The “This Week in Startups” podcast from last week, episode 1378, interviewed the CEO.
They are hiring their own drivers and building their own delivery hubs, meaning products you order are coming from their hubs, not from CVS or Walmart. They have more control over efficiency.
They even acquired BevMo and are converting those into hubs.
I'm still skeptical that anyone will win that space. The core problem (instant delivery logistics in a dense urban area) is just too expensive for the average consumer to bear. Right now every player is VC subsidized, but what happens when that money dries up?
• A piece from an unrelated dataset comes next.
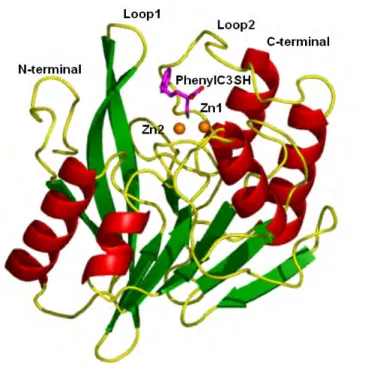 Fig. 11. The overall structure of VIM-2 in complex with PhenylC3SH.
The core problem is the whole business model is a solution looking for a problem. The number of people who actually need this is tiny, the rest are just being lazy and as soon as it gets expensive they’ll stop being lazy.
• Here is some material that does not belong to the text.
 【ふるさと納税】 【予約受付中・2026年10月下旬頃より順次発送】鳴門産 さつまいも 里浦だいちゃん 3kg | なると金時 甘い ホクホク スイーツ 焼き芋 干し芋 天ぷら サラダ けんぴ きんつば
The only way around this is to ‘disrupt’ local shops out of business which I’m sure is the plan and afaict that’s a net negative for everyone apart from them.
No, the labor is too expensive. Ultimately you are paying someone for a couple hours of work, plus spending on vehicle deprecation, gas, parking, storage, all to deliver someone a packet of chips.
How do they scale demand for peak times with a fixed workforce? It seems trivially easy for say Uber to start hubs if they wanted to and they have a huge existing base.
But it comes down to execution and it will be interesting to see the space in another 5 years.